Here is me with some judges and a past winner 
(left to right Kate Evans, Martin Rowson, Corinne Pearlman, Gareth Brookes)

It's kind of a massive deal. I had a lot of emotions. 

What it means is that probably/almost certainly Biscuits (assorted) will be published by Myriad when it's finished, which is super great news because they are a publisher with a great track record in high quality graphic novel production. 

All of the shortlisted artists got a proper interview and chat about their work and the judges said why they chose them and they were all so good! When they announced that I was the winner I went a bit inarticulate. Whaaaaaaaaaaaaaaaaaaaaaaaaaaaaaaaaaaaaaat? 


As if that wasn't enough for a week (it was) I also did a long hot awesome day of live portraits at Amwell Street Summer Fete last week, took part in Pride and Small Press Day on Saturday including signing copies of the new Broken Frontier Small Press Yearbook at Gosh Comics wot I done the cover of, and did a talk about Biscuits at Laydeez do Comics on the bill iwth the amazing Steven Appleby on Monday as well! 

This is the yearbook - it is full of awesomeness you can see a preview here and buy it here

Here is me talking at Laydeez. 

After consideration I decided to go fully scripted for the Laydeez talk, because I probably am actually better at writing and reading than I am at talking. The happy side effect of this is that I already have a digital copy of pretty much exactly what I said. So I thought I would share it here with you guys who didn't get to come to Laydeez. 

Just imagine you are hearing it read to you. 

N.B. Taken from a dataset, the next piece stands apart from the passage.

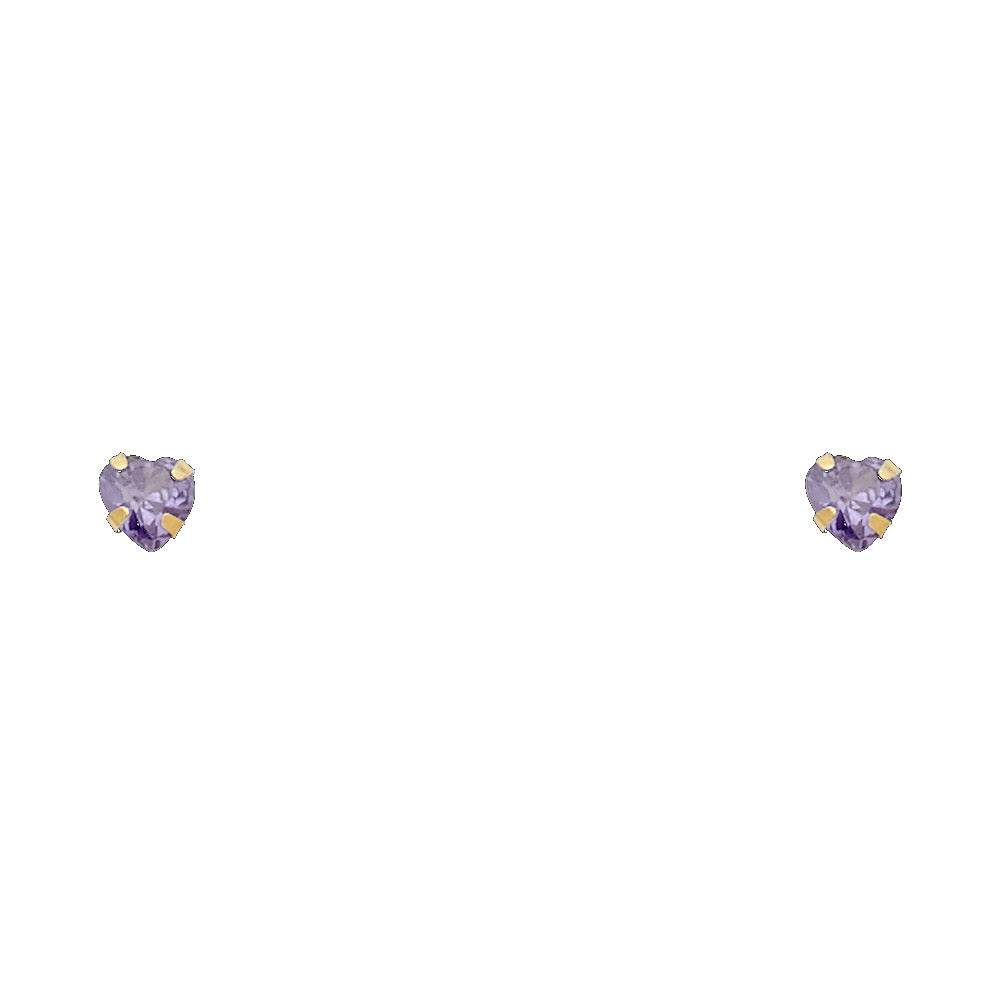 14K Yellow Gold Stud Earring & Solitaire Jewelry 4mm - ST199 - Image 2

So I made this picture of Nicola, Sarah, Wallis and Rachel because of how the projector at the Vauxhall venue always put pretty pictures on these head laydeez faces, so I thought It’d be fun to have them on the screen as well. But yeah, thank you Laydeez! For providing such great impetus and inspiration and a supportive community and for having me. 

I also want to say what a crazy amazing honour it is to be talking in the same bill as Steven Appleby. I grew up in a Guardian reading household so you’re like, cartoon royalty to me, So big fan. But also that all being true it is also true that I am notoriously bad at names. Sorry to all of the people here who’s names I have previously got wrong or forgotten. So after Wallis offered me this slot with Steven, after the initial what that’s ridiculous she’s way more famous than me hahaha yeah let’s do that, I became gripped with a slow creeping horror that I would accidentally get your name wrong during my talk. So…

I made this handy guide for myself to remember which famous Steven is which. 

I’ll give you another one for free: Nicola STREET-hair, Sarah LIGHT hair

To make this even more awkward I have made it a recurring joke for the rest of the talk. I am obviously reading from a script so you have to suspend your imagination and pretend that I am getting people's names wrong by accident (readers - you have to suspend your imagination twice over, enjoy!)

Ok, so HI. I am Jenny. I usually introduce myself as an illustrator. Like a lot of creatives I do have a lot of hats that I wear – I drew this to illustrate that. I am not actually a roman, cowboy or viking, I just wanted to draw them. Look I drew Andy’s hat for comic critic. I am also a part time teacher. I draw birds, words, live portraits, and basically anything someone wants to pay me to draw. I also do a lot of collage. I basically always want to do all of the stuff and I have to battle with that instinct to be vaguely efficient with my career.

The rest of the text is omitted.